In July 2019, as the first edition of Soif de Musique drew to a close, the organizers of the Cowansville music festival had reason to hope that they had spawned an annual tradition. Then came the pandemic. The 2020 festival was cancelled completely, and the 2021 edition was scaled down.
For the second full edition of the festival, scheduled from July 7-10 in the parking lot of the Pavillon des Sports, cofounders Philippe Mercier, Edouard Lagacé and Josiane Noiseux have dug deep, booking Charlotte Cardin, Coeur de Pirate, folk-rock stalwarts Les Cowboys Fringants and rapper FouKi.

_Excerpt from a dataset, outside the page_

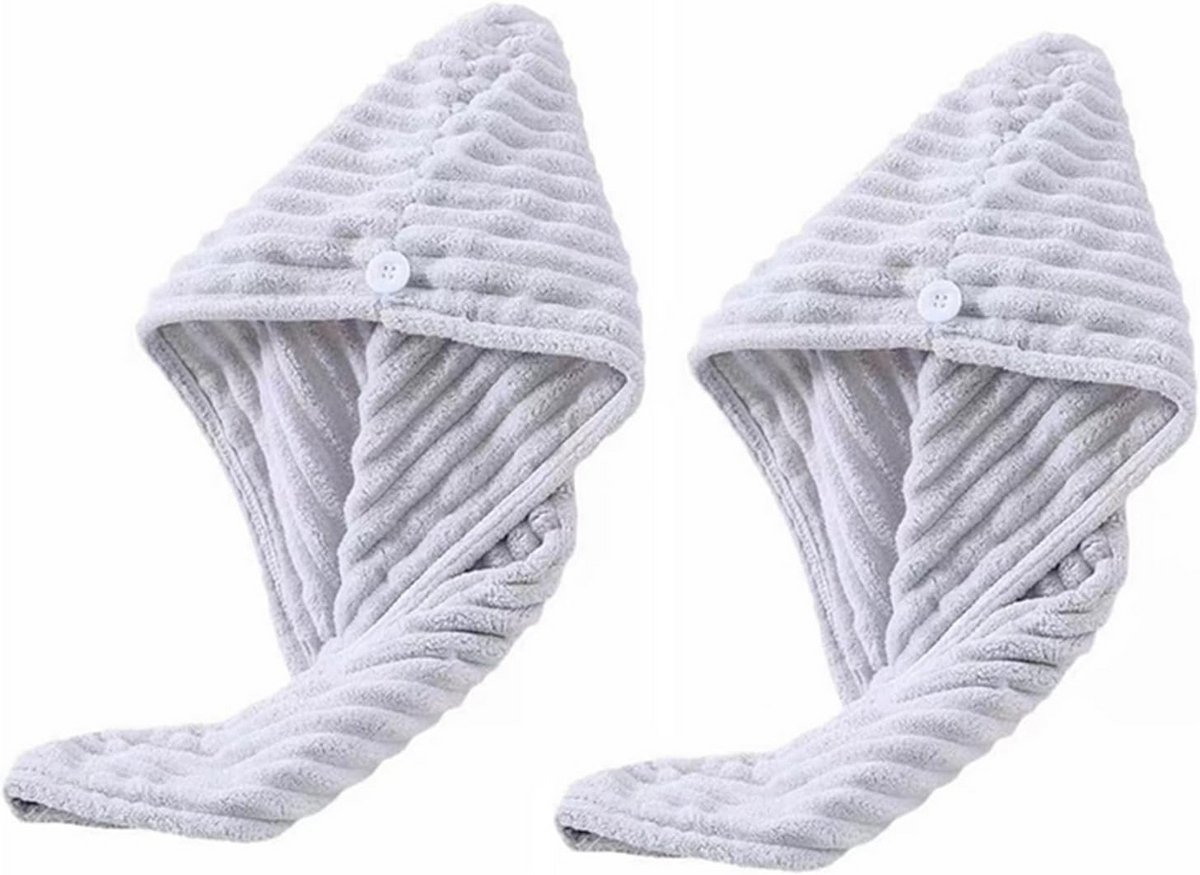 Set van 2 Microvezel Haarhanddoeken voor Snel Drogen en Zachte Styling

Anglophone rising country star Matt Lang will also perform, along with a long list of local artists including Maxyme (Bromont) and Séné (Granby).
The town of Cowansville is one of the event’s major sponsors. “For the municipality this is a significant event, and it will also be good for morale; we can finally envision a return to normality,” said Cowansville mayor Sylvie Beauregard. “It will bring a lot of people and make a lot of people happy…we’re proud to be a partner.” The festival also received support from the MRC Brome-Missisquoi, SODEC and the federal government’s Musicaction program.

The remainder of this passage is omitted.